Exercise aim: Give the data back exactly. Leave out any images.

──────── Supplied information ────────

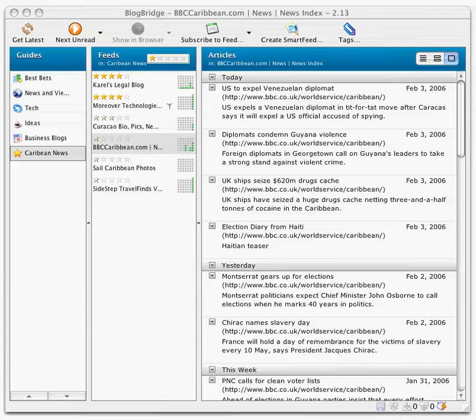Hi, this is Pito Salas, giving you a little tour of a new feature of BlogBridge that I've written quite a bit about, and that's reading list publishing, the ability to create reading lists from within BlogBridge.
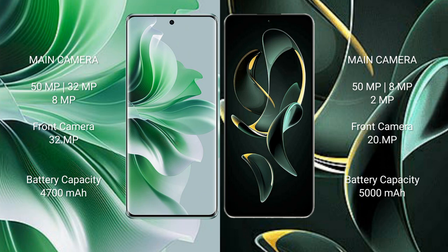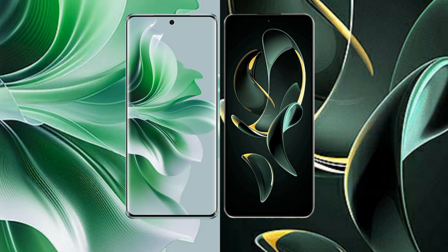OPPO Reno 11 Pro has a 4700mAh battery with 80W fast charging support. Redmi K60 Ultra has a 5000mAh battery with 120W fast charging support.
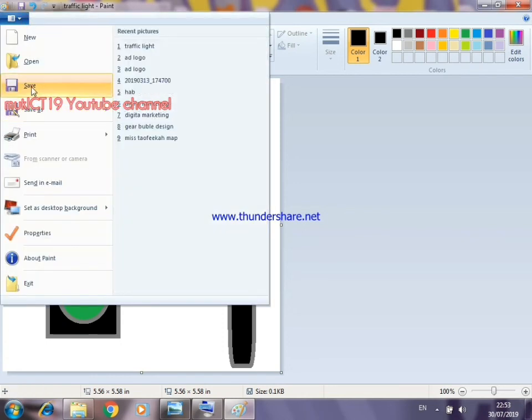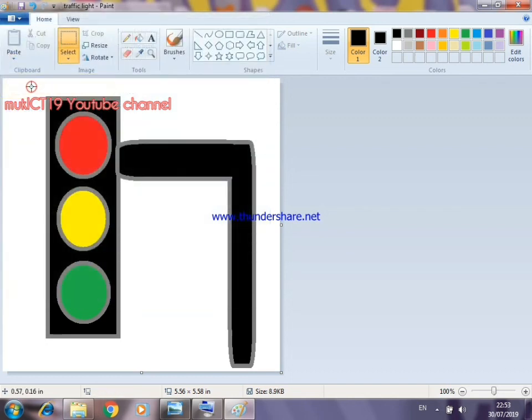Now let's click Save. We've saved the file.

────────

Reply to the task:
Hi, this is Pito Salas, giving you a little tour of a new feature of BlogBridge that I've written quite a bit about, and that's reading list publishing, the ability to create reading lists from within BlogBridge.
OPPO Reno 11 Pro has a 4700mAh battery with 80W fast charging support. Redmi K60 Ultra has a 5000mAh battery with 120W fast charging support.
Now let's click Save. We've saved the file.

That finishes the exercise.